Daniyar Yeleussinov and manager Ziya Aliyev. Photo by Ryan Songalia
06
Jun

Daniyar Yeleussinov will appear in his second professional bout tonight on the undercard of a Lawrence Okolie-Luke Watkins headlined card at London’s York Hall.

Yeleussinov (1-0, 1 knockout), a two-time Olympian who signed with Eddie Hearn’s Matchroom Boxing following his gold medal run at the 2016 Games in Rio, takes on Hungary’s Zoltan Szabo (24-11, 10 KOs) in a scheduled six-round bout. Yeleussinov is coming off a spectacular TKO victory over Noah Kidd in his professional debut in April at Barclays Center in Brooklyn.

“To make my professional debut in Brooklyn was extraordinary,” Yeleussinov told THE RING in his native Russian while wrapping up his training camp in Florida before departing for London. “This is one of the reasons we wanted to work with Eddie Hearn. We knew what he can do for my career world wide not just on any specific country.”

Hearn recently announced a $1-billion deal to promote 16 cards in the United States over eight years with another 16 shows in the U.K. which will be streamed live by DAZN for a monthly subscription.



“Of course, we were impressed to see what Eddie Hearn has done with the Anthony Joshua’s career,” Yeleussinov said. “Joshua is also a gold medal winner and now is very famous in his home country and around the world. Eddie Hearn understands our vision and we understand his plans. That’s why we felt comfortable working with him and his team and are very happy and excited for the future.”

The 27-year-old welterweight, who just finished his first camp with noted trainer John David Jackson, has a firm grasp on the pressure he faces as he represents his native Kazakhstan to the world.

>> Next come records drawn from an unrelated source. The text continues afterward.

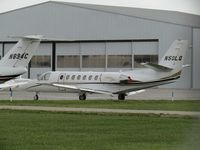 N50LQ photo, click to enlarge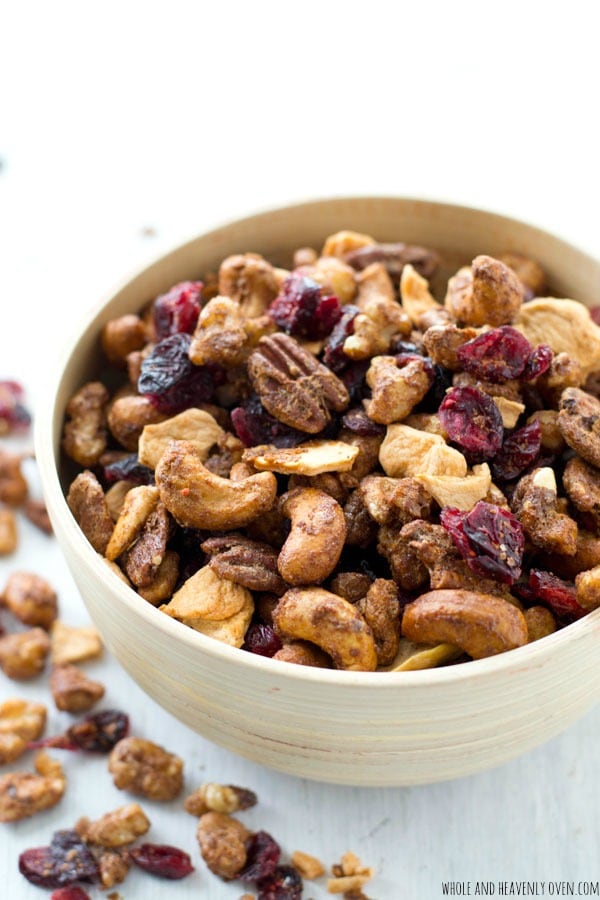 Candied-Nut-Cranberry-Apple-Snack-Mix6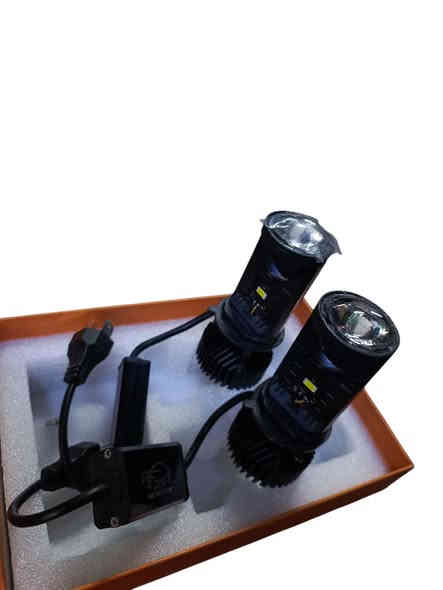 لايت فورزا H4  اصلي توصيل موجود سعر 35الف
لتواصل ***********
5500km
30000h
-40°c+80°c
0ـ4
0ـ6
0ـ8
0ـ9
0ـ10
0ـ11
0ـ12
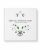 dc643d05-0e1c-41d8-9775-7be2ba36347a.png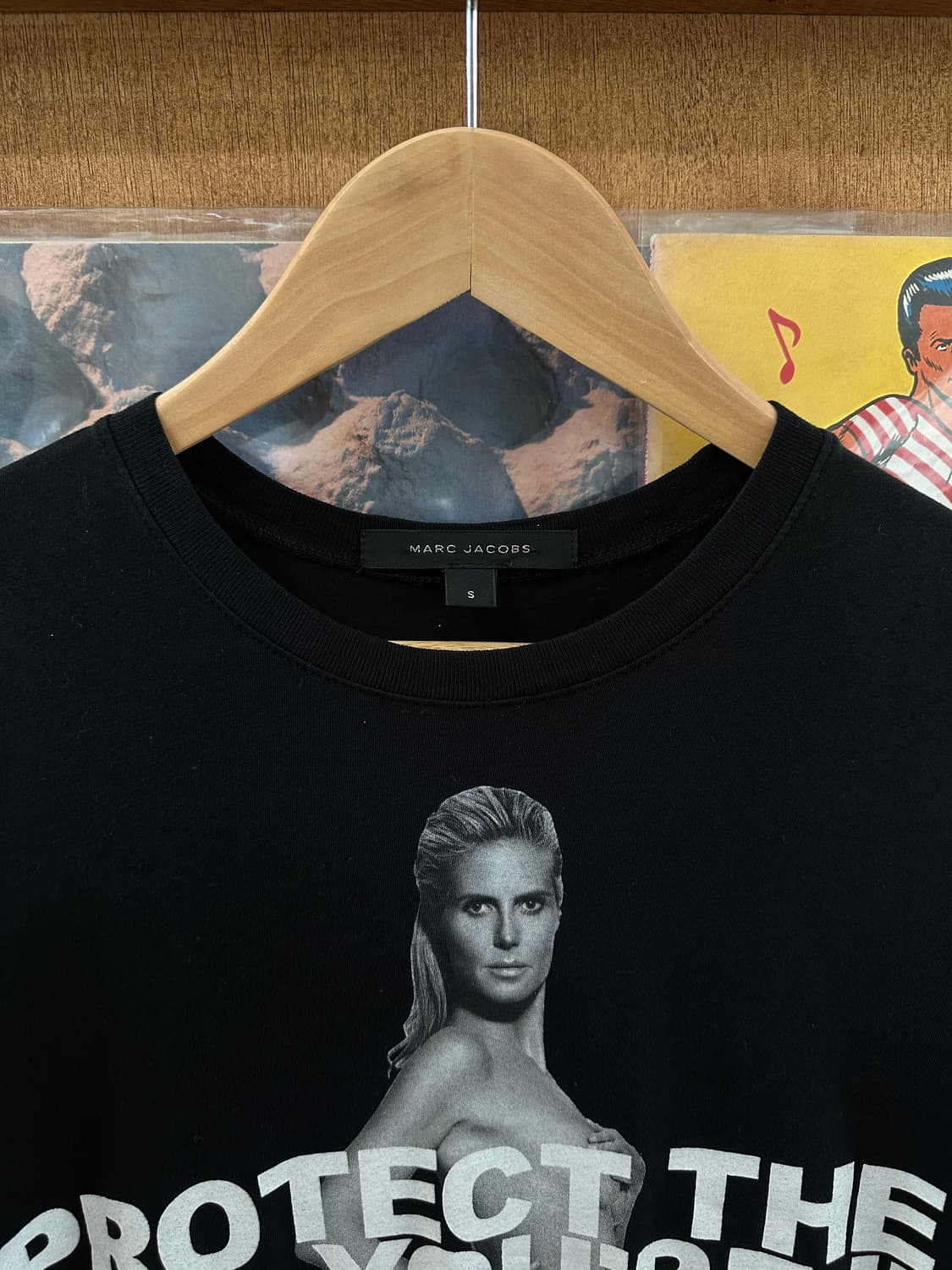 MARC JACOBS 상품이미지3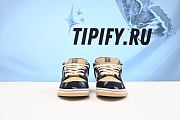 Nike SB Dunk Low Travis Scott (Special Box) CT5053-001  - 5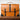 Leather Briefcase 1 TABACC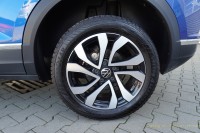 VW T-Roc 1.0 TSI Active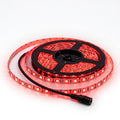 Strip Light 300 LED 5M Waterproof - Red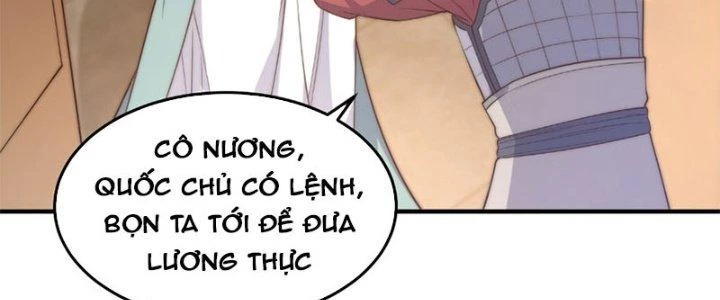 Trên Người Ta Có Một Cái Cây Thần Thoại Chapter 17 - 70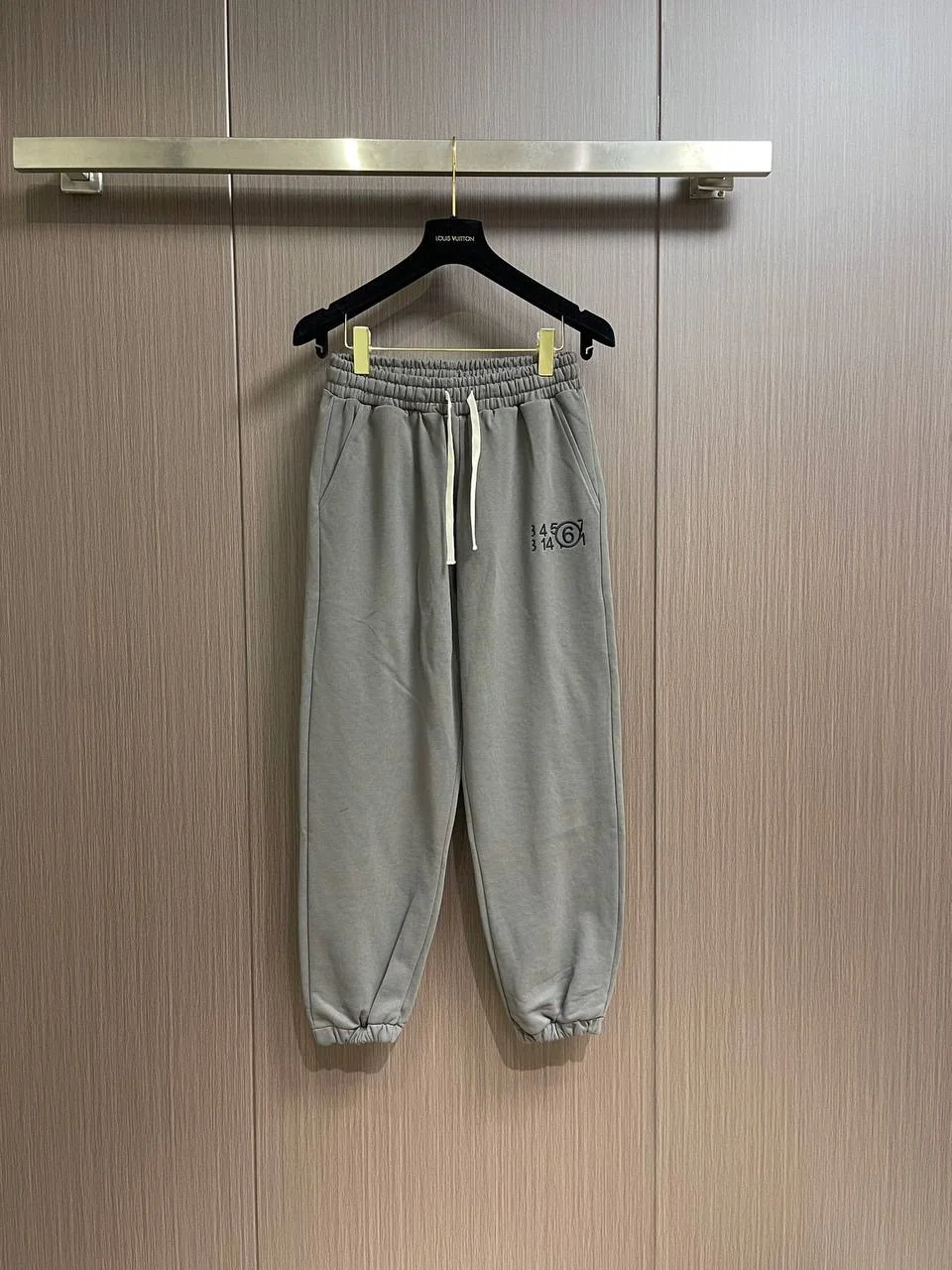 Чоловічі штани - Maison Margiela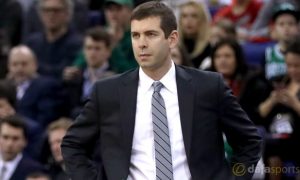Boston-Celtics-head-coach-Brad-Stevens-min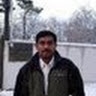 Dr V Lokesha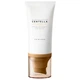 SKIN1004 Madagascar Centella Air-Fit Suncream Light SPF30 PA++++ Солнцезащитный крем с центелой - изображение 1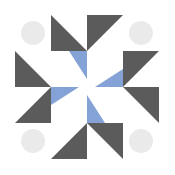 Website - Email, Phone, Social, Forms Scraper (ContactCrawl) logo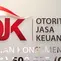 Lawan Scam, Gerilya OJK Lindungi Konsumen hingga Selamatkan Dana Korban
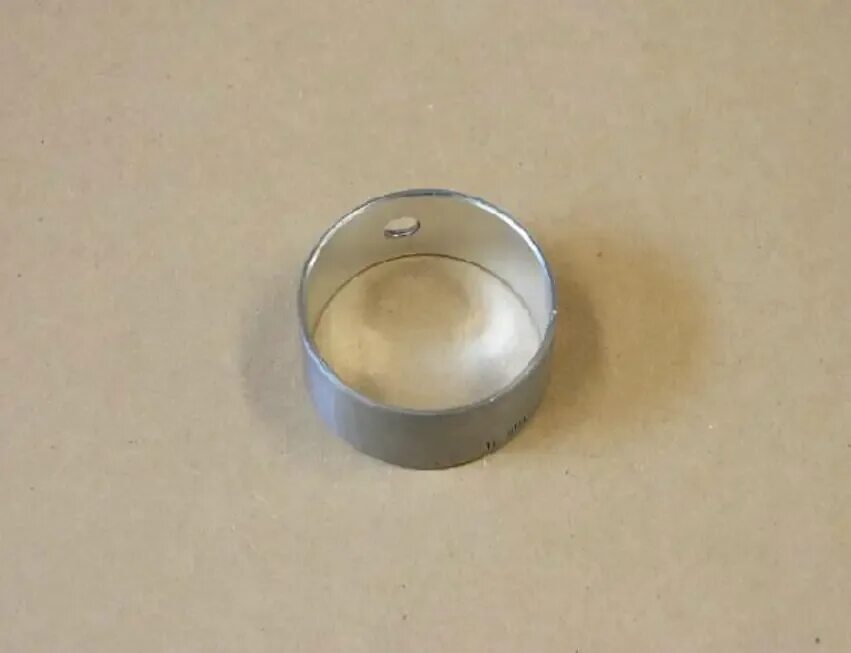 Втулка ховер. Втулка игольчатого подшипника вторичного вала ховер н3. 06h396l втулка балансировочного вала. Great wall hover втулка рычага кпп. Ховер 3 втулка рычага кпп артикул.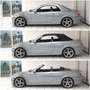 BMW 318 318 Ci Edition Exclusive ALPINA Umbau + Hardtop Gris - thumbnail 14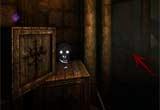 play Basement Of Dead Haunted House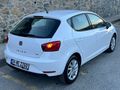2015 OTOMATİK ÇOK TEMİZ IBIZA STYLE 1.2 TSİ YOKUŞ KALKIŞ DEST.
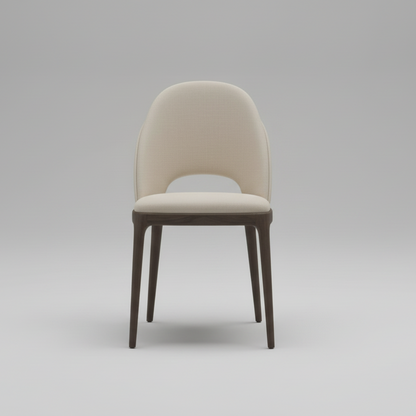 Dining Chair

“I represented my country in the Olympics twice, yes, but I also represent Kazakhstan in everything I do in and outside of the ring,” Yeleussinov said. “Today when people think of Kazakhstan they think of Gennady (Golovkin). Gennady has done a lot for Kazakhstan and a lot for boxing. He is a star. I think we have put the team together to help me achieve the same results. Time will tell but I am very excited to show the world my skills.”

Yeleussinov said the pressure to compete professionally differs from the pressure he put on himself when he performed on the biggest stages around the world as an amateur.

“There is always self-made pressure,” Yeleussinov said. “In the Olympics it was all I can think about. I wanted to win the fight I was in and win gold. I didn’t see anything beyond it. As a professional my goals are different. I want more experience. I want to try different things and then I want to win a world championship and to be undefeated.”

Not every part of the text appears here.